[EXERCISE BRIEF]
Pictures are to be excluded. Please print only the lines from the one containing "Funny Hanukah Menorasaurus" through the end of the data, exactly as they appear.

[AVAILABLE DATA]
★ ★ ★ ★ ★ ★ ★
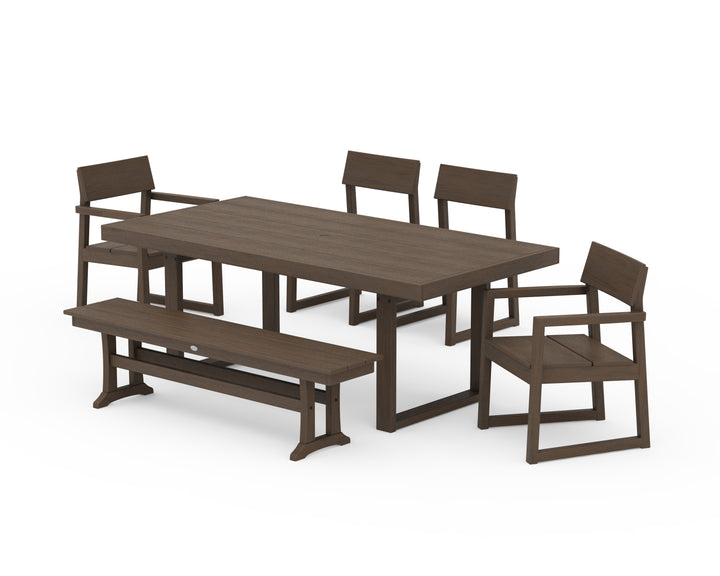 POLYWOOD® EDGE 6-Piece Dining Set with Bench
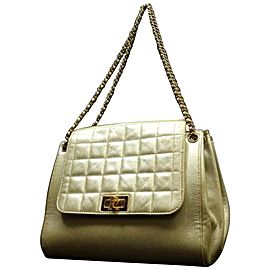 Chanel Quilted Metallic Accordion Flap Pearl 224475 Gold Leather Satchel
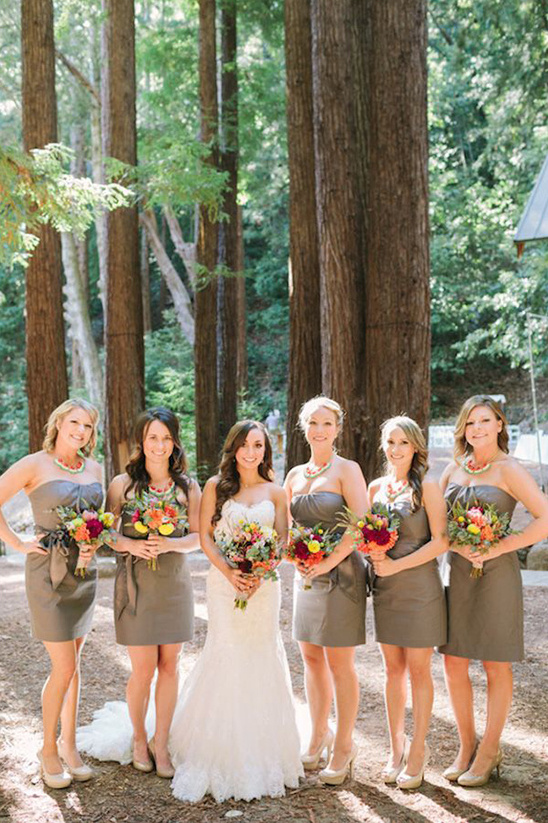 short grey bridesmaids dresses
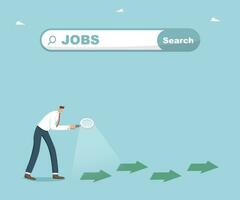 Looking for a new job or employment, career path or promotion, ladder of success, new career vacancy, looking for new opportunities and work, man with magnifier walks the arrows under job search bar. vector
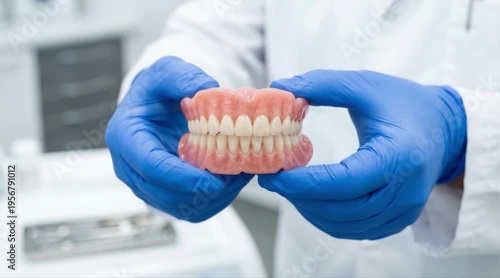 Close-up of a dentist wearing blue surgical gloves holding a perfect set of artificial dentures for an elderly patient.
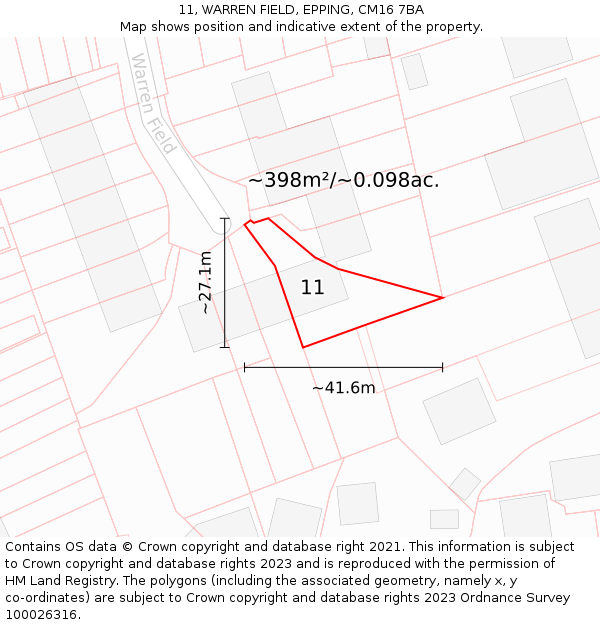 11, WARREN FIELD, EPPING, CM16 7BA: Plot and title map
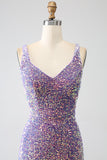 Sparkly Mermaid Light Purple Sequins Evening Dress with Slit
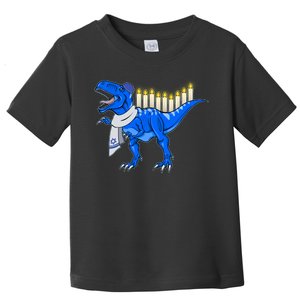 Funny Hanukah Menorasaurus T-Rex Dinosaur Toddler T-Shirt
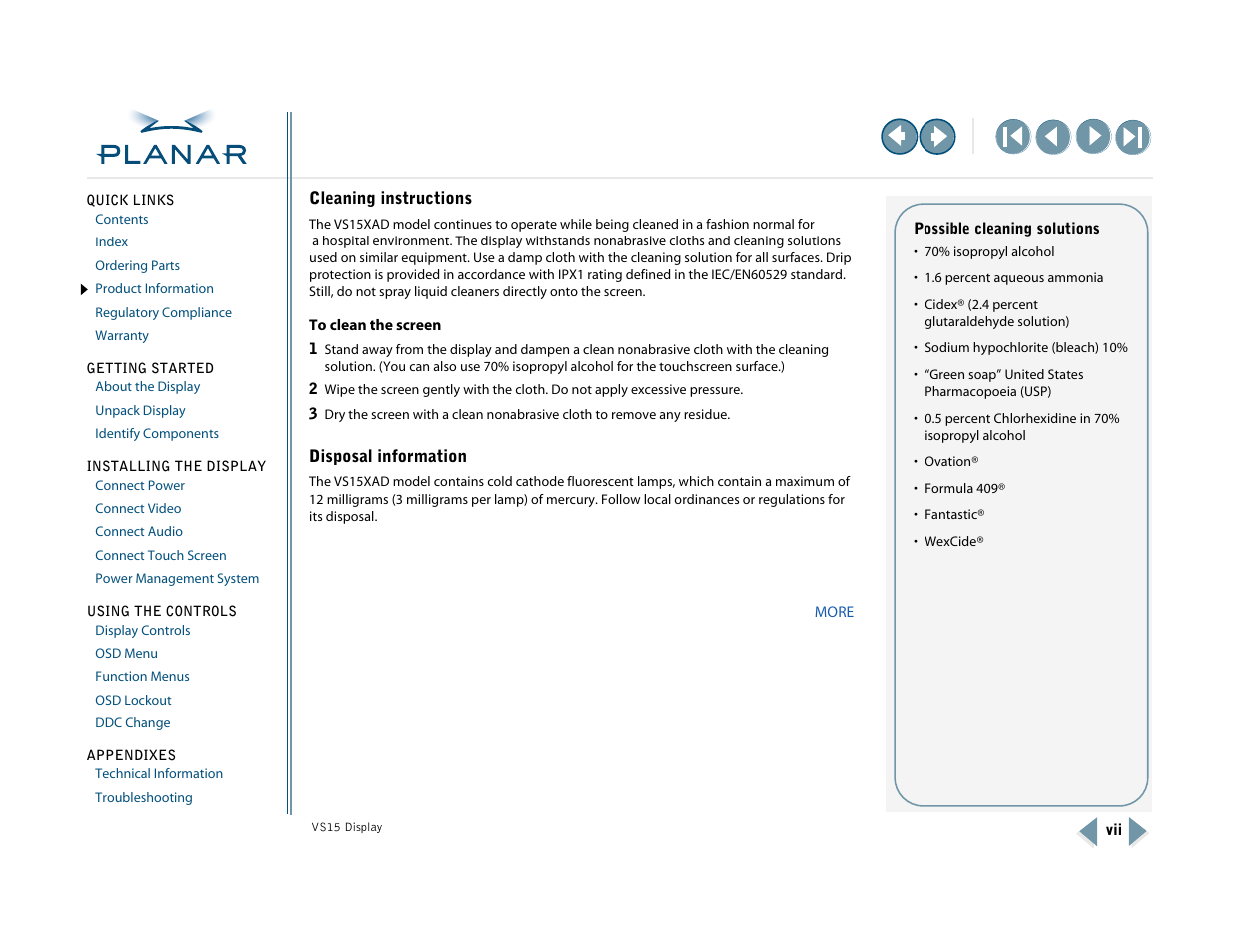 Cleaning instructions, Disposal information, More | Planar VS15XAD-TR User Manual | Page 7 / 37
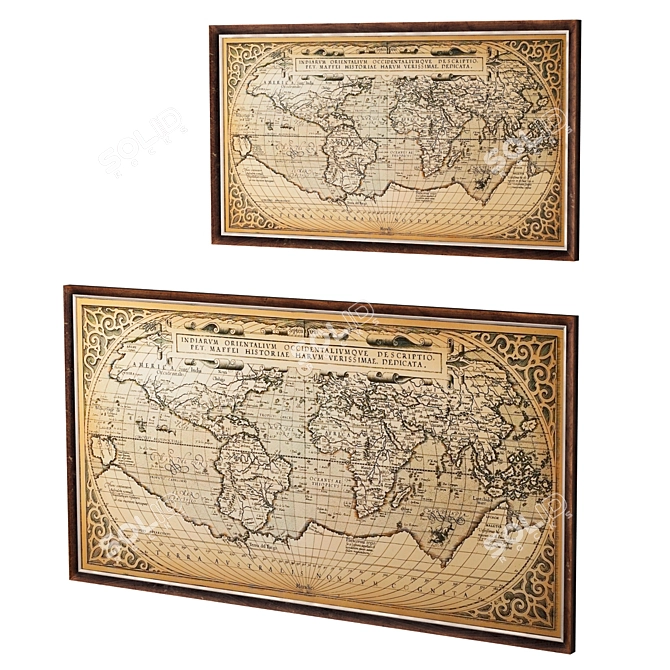 Vintage Style World Map Replica 3D model image 2
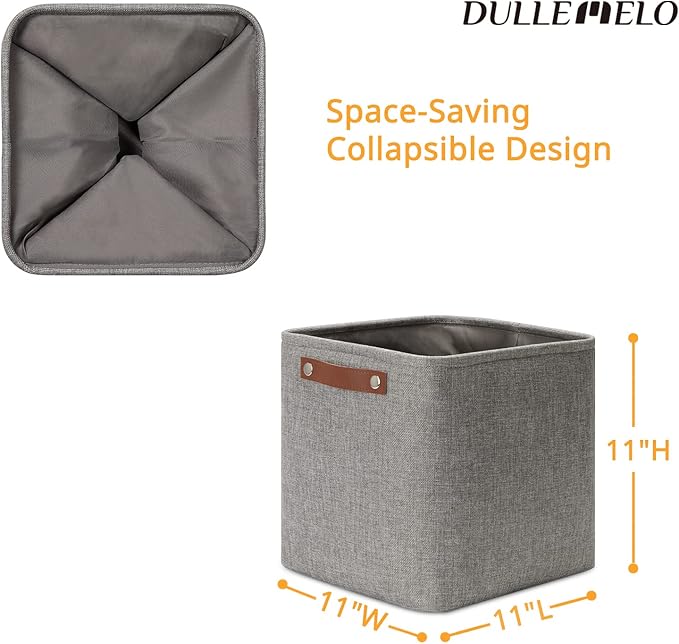 DULLEMELO Square Storage Cubes Baskets for Gifts Empty, 11 inch Cube Stroage Bins Linen Closet Organizers and Storage Baskets for Toy Nursery Shelves Bedroom Storage(4 Pack - 11" Grey)-Ruum Studio Home
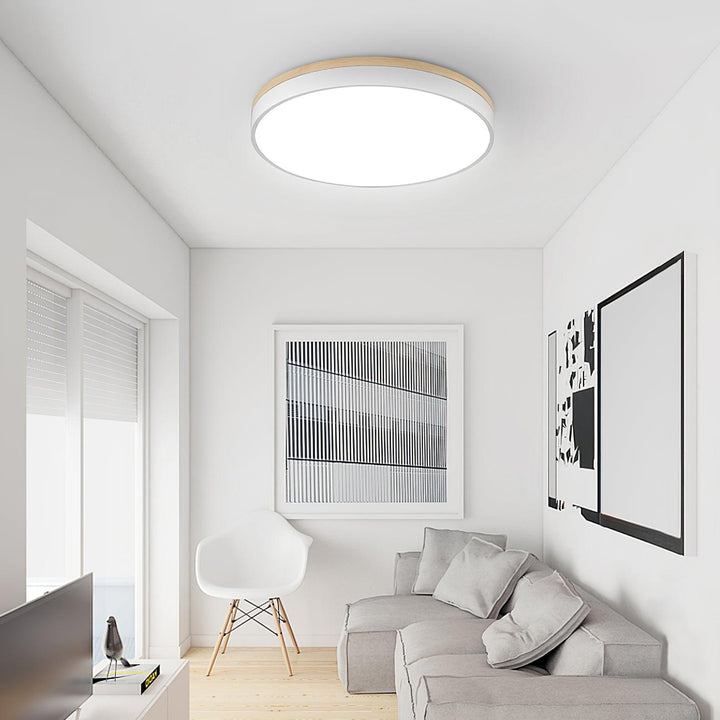 White Round Wooden Ceiling Lamp - Vakkerlight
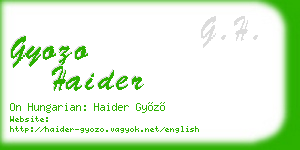 gyozo haider business card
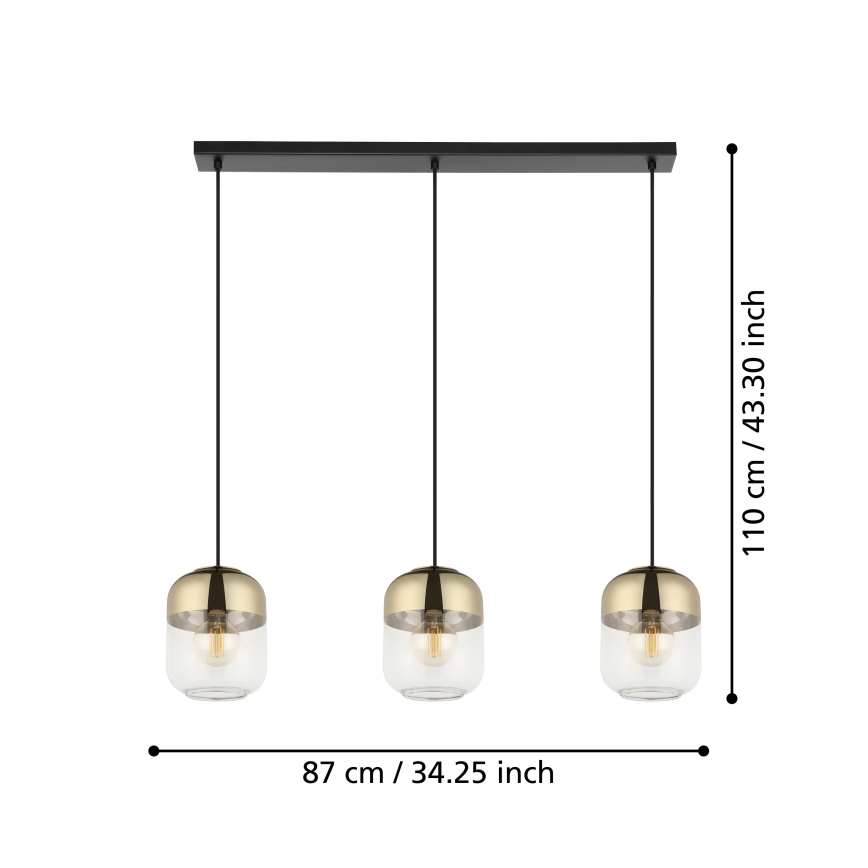 Eglo - Luster na sajli 3xE27/40W/230V
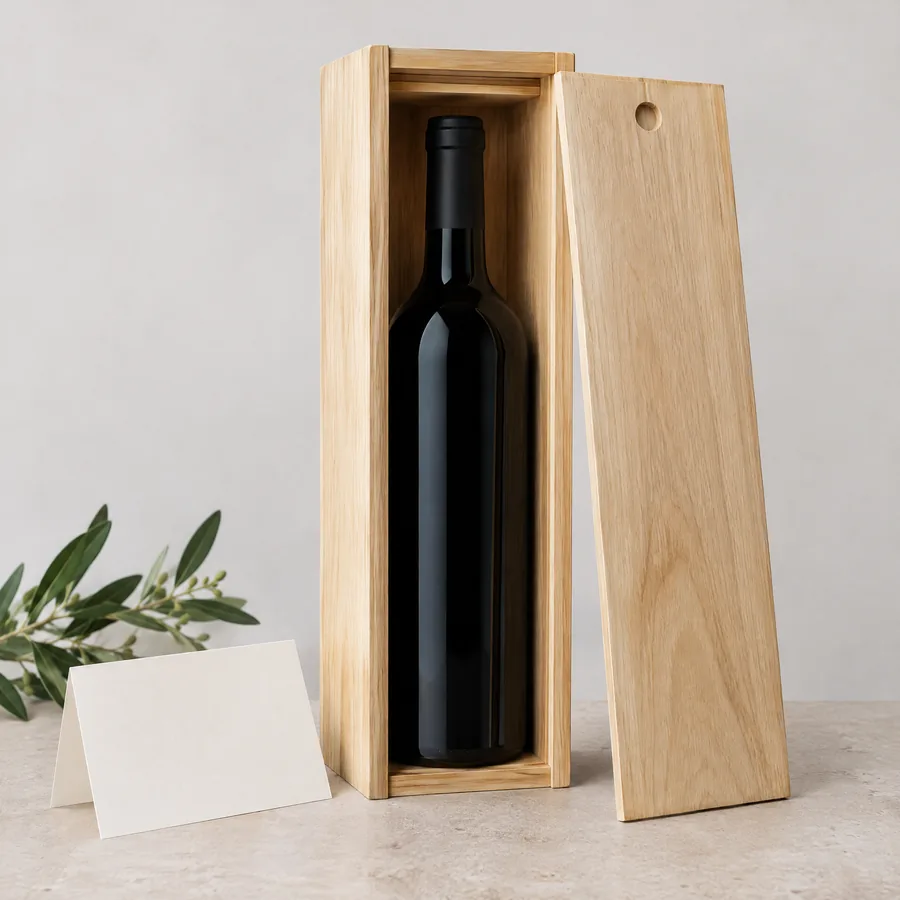 Unbranded single-bottle wood wine presentation box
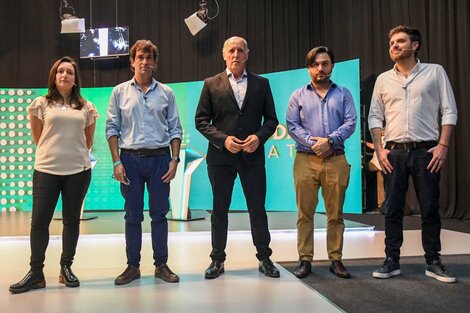 Los cinco candidatos a legisladores porteños que debatieron en la noche del viernes.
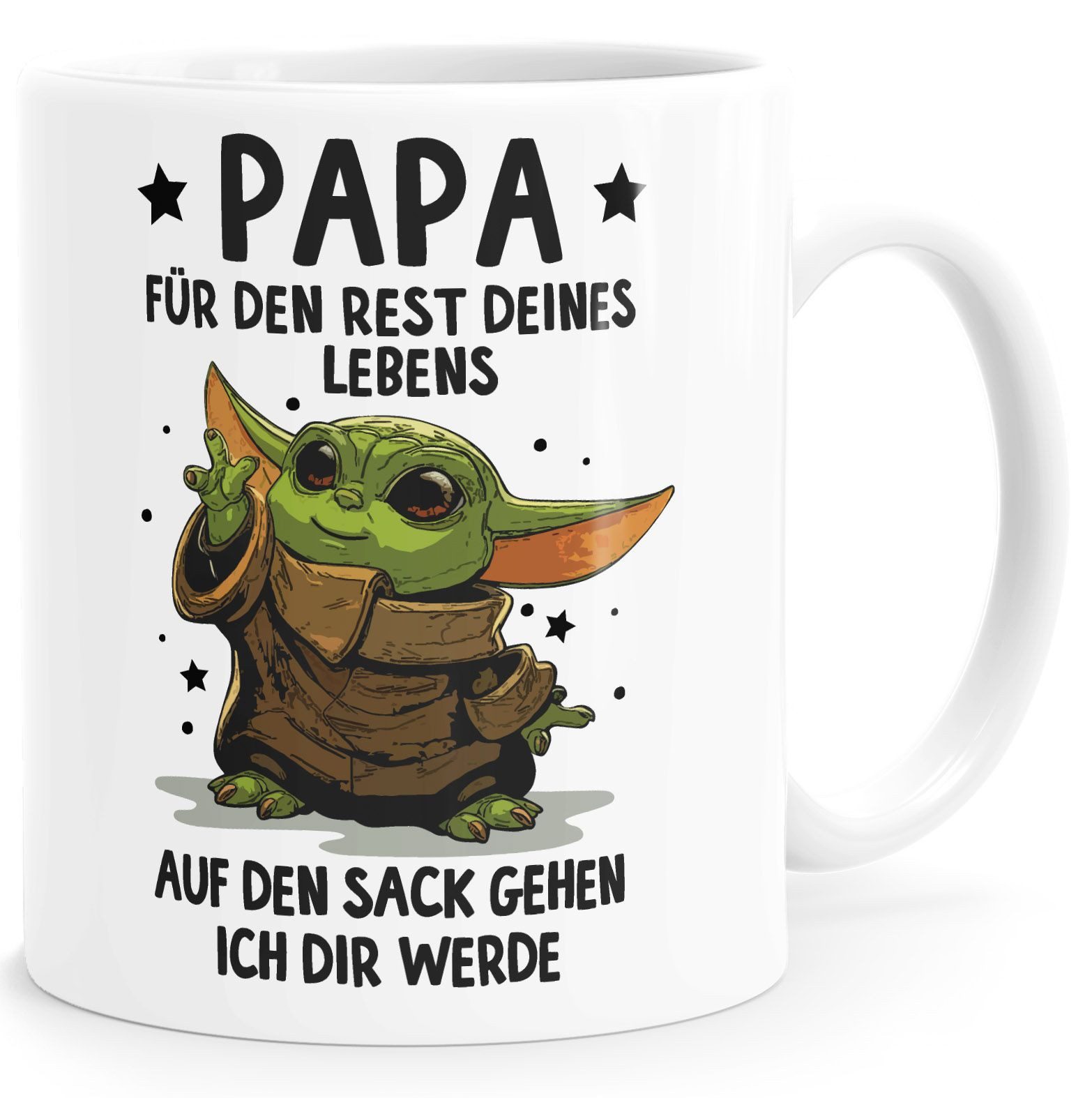 MoonWorks Tasse Kaffee-Tasse Papa Sprüche Geschenk Vatertag Lustig Motiv Baby-Yoda, Keramik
★ ★ ★ ★ ★ ★ ★
[THE ANSWER]
 Funny Hanukah Menorasaurus T-Rex Dinosaur Toddler T-Shirt
 Cleaning instructions, Disposal information, More | Planar VS15XAD-TR User Manual | Page 7 / 37
 Vintage Style World Map Replica 3D model image 2
 DULLEMELO Square Storage Cubes Baskets for Gifts Empty, 11 inch Cube Stroage Bins Linen Closet Organizers and Storage Baskets for Toy Nursery Shelves Bedroom Storage(4 Pack - 11" Grey)-Ruum Studio Home
 White Round Wooden Ceiling Lamp - Vakkerlight
 gyozo haider business card
 Eglo - Luster na sajli 3xE27/40W/230V
 Unbranded single-bottle wood wine presentation box
 Los cinco candidatos a legisladores porteños que debatieron en la noche del viernes.
 MoonWorks Tasse Kaffee-Tasse Papa Sprüche Geschenk Vatertag Lustig Motiv Baby-Yoda, Keramik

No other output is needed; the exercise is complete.